Getting a low number – even if undeserved – makes a big difference. I know when I’m standing next to the Lenox Square parking lot it won’t be nearly as hot a trip down Peachtree as when I start at the back of the pack, halfway to Doraville. At least it seemed like I was near Doraville when I pinned on No. 93170 on July 4, 2005.
The heat and humidity pick up significantly between the times Group 3 and Group 9 starts. And the sun rises in the east over the multistory buildings in Buckhead and Midtown that provide shade just a little earlier in the morning.
I’m sure you’ve heard that this year’s race will feature Start Wave Placement ™. This process means runners will be randomly slotted at the back of the pack if they can’t (or don’t) supply a documented time from the Peachtree or other certified race.
I don’t disagree that this is fair.

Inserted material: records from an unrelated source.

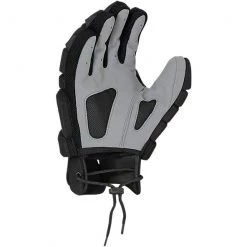 Warrior Fatboy Lite Lacrosse Gloves
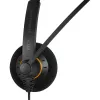 Epos Expand 20 Universal Wired Speakerphone JuodaSidabrinė 1000226
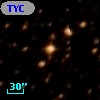 TYC 8227-497-1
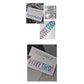Liuhwa Cat Eye Gel Polish (HEMA-Free) #L130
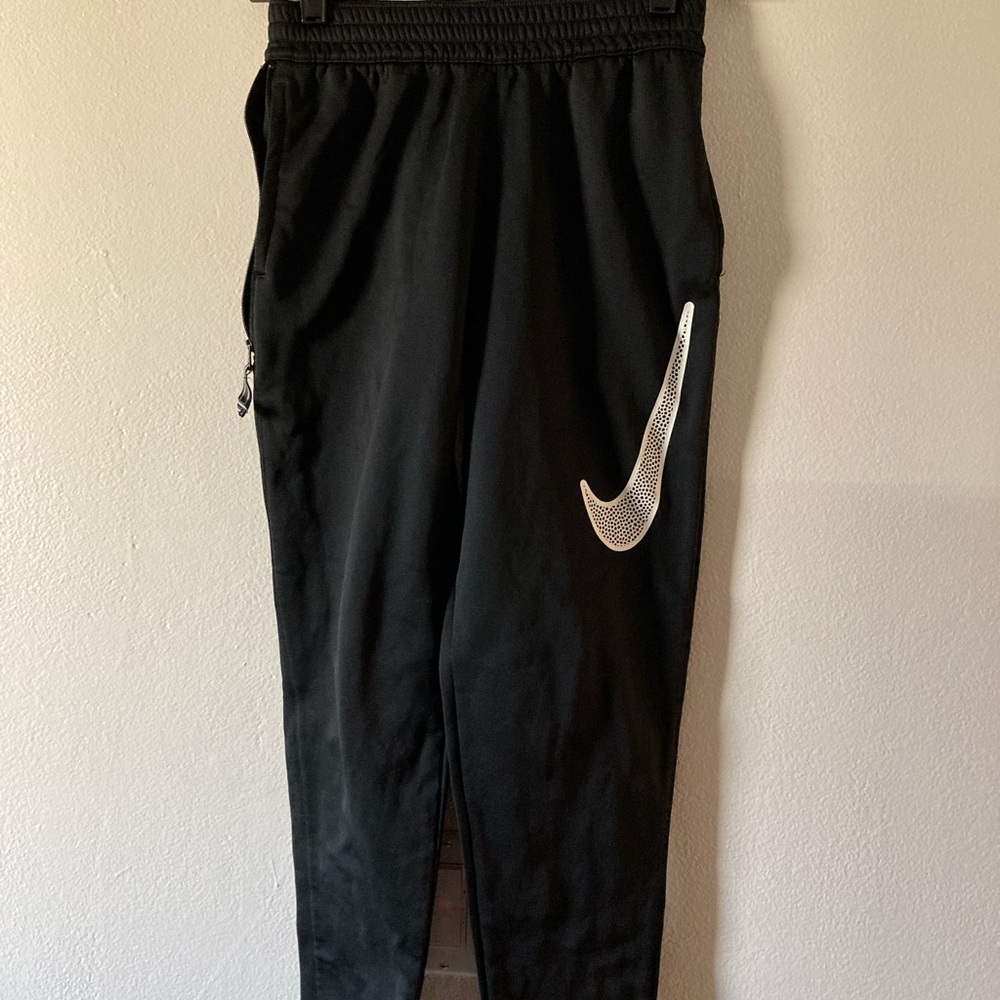 Nike Dri-fit Pants for Boy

But that doesn’t mean I have to like it.
I didn’t see much point to submitting my Peachtree time from last year. So the Start Wave Placement computer will spit out my number.
No doubt I’ll be starting from about south Doraville once again this year. And there won’t be a GPS watch in sight.

5 comments Add your comment

Annette

May 6th, 2010
8:46 am

I actually like the start wave placement, because it allows those of us who haven’t run a 10K in under 55 minutes to still avoid starting in the back of the pack. In the past I have been randomly assigned to group 4 and group 9, and there is a big difference. This year, I submitted a 10K time of 57 minutes and hope to be somewhere in the middle of the pack.

Steven

May 6th, 2010
9:29 am

I’m excited about starting wave placement. I have a subseed time, but my time would be good enough for top seeding in other catagories (masters, etc.). Just motivates me to run faster for a top seed next year. I think the wave placement will bring back the “race” to more runners. After all this is the Boston (Marathon) of the 10K. Cannot wait!!!

Stephen

May 6th, 2010
10:00 am

I’m also a fan of the Start Wave Placement. Last year was my first Peachtree and I started in Group 8. It was hot, humid and I had to weave my way amongst other runner/walkers for 6.2 miles. It was more ordeal than race (a fun ordeal nonetheless!).

I submitted a time that puts me in Wave A (needless to say it was another race result than last year’s Peachtree), and I’m looking forward to more of a “race” this year.

bigdogears

May 6th, 2010
3:34 pm

I’m a big fan of the wave start too! The wave start favors those folks that run more than just one race each year. When all is said and done it is a race, isn’t it? I submitted a time for Group A placement but was subseeded once – long ago.